The continuing increase in antimicrobial-resistant infections is a global threat to public health.¹ Infections caused by Acinetobacter spp. are primarily associated with nosocomial infections in patients with severe illness. Among all Acinetobacter spp., A. baumannii has been identified as the causative pathogen in approximately 80% of reported infection cases.² A. baumannii, A. baumannii complex, and other Acinetobacter species require careful assessment, due to the variability in the populations in which they present, variability in resistance patterns (including multidrug-resistant [MDR], extensively DR [XDR], and panresistant strains), and the potential for hypervirulence. XDR strains may be susceptible only to polymyxins or tigecycline, and truly panresistant strains complicate treatment further.³

As noted in US prescribing information, tigecycline has in vitro activity against Acinetobacter spp., but efficacy against Acinetobacter spp. has not been established in clinical trials, and thus tigecycline is not approved by the US Food and Drug Administration (FDA) to treat this organism in any indication;⁴ however, small numbers of Acinetobacter isolates have been identified from the tigecycline clinical program across 14 clinical trials, including approved and unapproved indications. Tigecycline has demonstrated in vitro activity against Acinetobacter isolates in different regions.^5–7 From these studies and the findings of a five-center study that tested 103 clinical (including MDR) Acinetobacter spp. strains,⁸ a provisional susceptibility breakpoint for tigecycline for Acinetobacter spp. has been proposed. Considering that tigecycline demonstrates comparable activity against Acinetobacter spp. and Enterobacteriaceae and the FDA-approved tigecycline breakpoint for Enterobacteriaceae is ≤2 µg/mL,⁴ ≤2 µg/mL was suggested as a provisional standard by Jones et al, and this breakpoint was used in this paper when reviewing sensitivity data.⁸ However, there is no FDA- or European Committee on Antimicrobial Susceptibility Testing-approved breakpoint for Acinetobacter.

Many Acinetobacter isolates are resistant to commonly prescribed antibiotics. The Centers for Disease Control reported in 2013 that 63% of the 12,000 health-care-associated Acinetobacter infections occurring in the US each year were MDR,⁹ and a recent systematic review and meta-analysis by Lemos et al¹⁰ reported that resistance to carbapenems has been increasing in the past few years worldwide. For instance, it increased from 9% in 1995 to 40% in 2004 in the US and from 14% in 2003 to 46% in 2008 in Taiwan.

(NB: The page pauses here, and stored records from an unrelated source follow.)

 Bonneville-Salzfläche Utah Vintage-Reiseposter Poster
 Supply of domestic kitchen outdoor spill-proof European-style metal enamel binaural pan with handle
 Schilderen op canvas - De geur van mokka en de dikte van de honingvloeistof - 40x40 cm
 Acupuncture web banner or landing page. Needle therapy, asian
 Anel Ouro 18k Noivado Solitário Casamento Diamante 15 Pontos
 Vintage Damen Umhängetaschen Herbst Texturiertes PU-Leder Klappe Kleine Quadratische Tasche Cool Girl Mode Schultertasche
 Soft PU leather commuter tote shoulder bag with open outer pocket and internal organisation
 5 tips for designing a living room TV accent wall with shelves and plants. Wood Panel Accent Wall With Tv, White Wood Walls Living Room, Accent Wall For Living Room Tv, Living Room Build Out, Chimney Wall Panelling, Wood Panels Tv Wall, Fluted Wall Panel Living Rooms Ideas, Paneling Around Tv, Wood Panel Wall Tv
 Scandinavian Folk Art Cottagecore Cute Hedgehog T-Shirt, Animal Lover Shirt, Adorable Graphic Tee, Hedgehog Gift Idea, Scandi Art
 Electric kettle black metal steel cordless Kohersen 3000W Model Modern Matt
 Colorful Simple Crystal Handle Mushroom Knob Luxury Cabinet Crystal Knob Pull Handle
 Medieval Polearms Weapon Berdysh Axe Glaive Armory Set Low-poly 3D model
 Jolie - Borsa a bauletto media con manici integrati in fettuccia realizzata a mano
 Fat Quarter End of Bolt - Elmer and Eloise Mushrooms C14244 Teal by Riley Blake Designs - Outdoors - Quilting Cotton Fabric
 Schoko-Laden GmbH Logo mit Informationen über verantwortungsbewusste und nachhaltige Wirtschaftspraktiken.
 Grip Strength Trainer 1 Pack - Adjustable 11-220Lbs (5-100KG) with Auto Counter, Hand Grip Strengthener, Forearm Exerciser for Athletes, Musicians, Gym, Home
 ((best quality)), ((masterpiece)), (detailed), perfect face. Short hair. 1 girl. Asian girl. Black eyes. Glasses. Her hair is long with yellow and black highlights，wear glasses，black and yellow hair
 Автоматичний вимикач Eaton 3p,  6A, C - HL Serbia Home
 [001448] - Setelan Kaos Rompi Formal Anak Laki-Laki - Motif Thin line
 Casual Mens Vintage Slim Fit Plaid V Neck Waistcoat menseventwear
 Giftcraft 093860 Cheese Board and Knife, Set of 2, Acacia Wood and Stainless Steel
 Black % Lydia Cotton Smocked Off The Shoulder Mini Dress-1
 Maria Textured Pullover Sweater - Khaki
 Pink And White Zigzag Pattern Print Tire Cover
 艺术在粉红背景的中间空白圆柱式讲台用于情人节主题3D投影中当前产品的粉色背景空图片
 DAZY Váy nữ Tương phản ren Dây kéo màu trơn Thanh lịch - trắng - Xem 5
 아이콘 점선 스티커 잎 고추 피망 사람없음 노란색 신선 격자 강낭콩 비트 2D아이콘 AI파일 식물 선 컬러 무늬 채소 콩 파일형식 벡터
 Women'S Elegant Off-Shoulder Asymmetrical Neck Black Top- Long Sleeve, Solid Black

The limited data on clinical efficacy of tigecycline against Acinetobacter have mainly come from case reports, case series, or retrospective analyses,^11–21 including reports showing that the efficacy of colistin–tigecycline therapy for XDR A. baumannii infections^18–20 or A. baumannii ventilator-associated pneumonia (VAP)²¹ was comparable to other treatment options (eg, high-dose sulbactam, colistin, high-dose prolonged infusion of a carbapenem, and colistin–imipenem–cilastatin). Nevertheless, the safety and efficacy of tigecycline in treating clinical infections caused by A. baumannii have not been established in adequate and well-controlled clinical trials.¹³ Since Acinetobacter infections are often severe or life-threatening and less common than many other infections, it is challenging to obtain sufficient data correlating clinical outcomes with microbiological isolates. In the absence of a clinical trial aimed specifically at investigating tigecycline use in Acinetobacter infections, this analysis was undertaken to investigate the available data on Acinetobacter infections from the large data set provided by the tigecycline clinical trial program.

This analysis describes the clinical efficacy of tigecycline or comparator antibiotics in the treatment of patients with infections caused by Acinetobacter spp. (including MDR Acinetobacter spp.) in the microbiologically evaluable (ME) population (defined in the “Materials and methods” section) from 14 multinational Phase III and Phase IV clinical trials. In addition to the clinical response by minimum inhibitory concentration (MIC) and microbiological eradication in the ME population, all-cause mortality in patients in the tigecycline- and comparator-treatment groups is also described.

Materials and methods

Data sources

All Phase III and IV clinical trials investigating the efficacy and safety of tigecycline treatment for approved (complicated skin and skin-structure infections [cSSSIs], complicated intra-abdominal infections [cIAIs], and community-acquired pneumonia [CAP; approved in the US]) and unapproved (diabetic foot infections [DFIs] and hospital-acquired pneumonia [HAP], including VAP) indications, and resistant pathogen (RP) studies that were sponsored by Wyeth Research (now a wholly owned subsidiary of Pfizer) were included. Patient groups, trial designs, comparators, and outcomes have been described previously.^22–26 All trials were randomized (open-label or double-blind) and active-controlled, except that there was no comparator for one trial investigating the efficacy of tigecycline in difficult-to-treat serious infections caused by resistant Gram-negative organisms.²⁵ All studies were conducted in compliance with the Declaration of Helsinki, with each protocol approved by institutional review board(s) and/or independent ethics committee(s), and all local regulatory requirements were followed. All participants of the studies provided written informed consent. Data from these 14 Phase III and IV studies were used in the current analysis.^23–36

Patient population

All patients (all aged 18 years and older) enrolled in these Phase III and IV trials who were infected with Acinetobacter spp. at baseline were identified, including a subset of patients with infections caused by MDR Acinetobacter spp. MDR Acinetobacter was defined as any isolate that was resistant to at least three classes of antibiotics.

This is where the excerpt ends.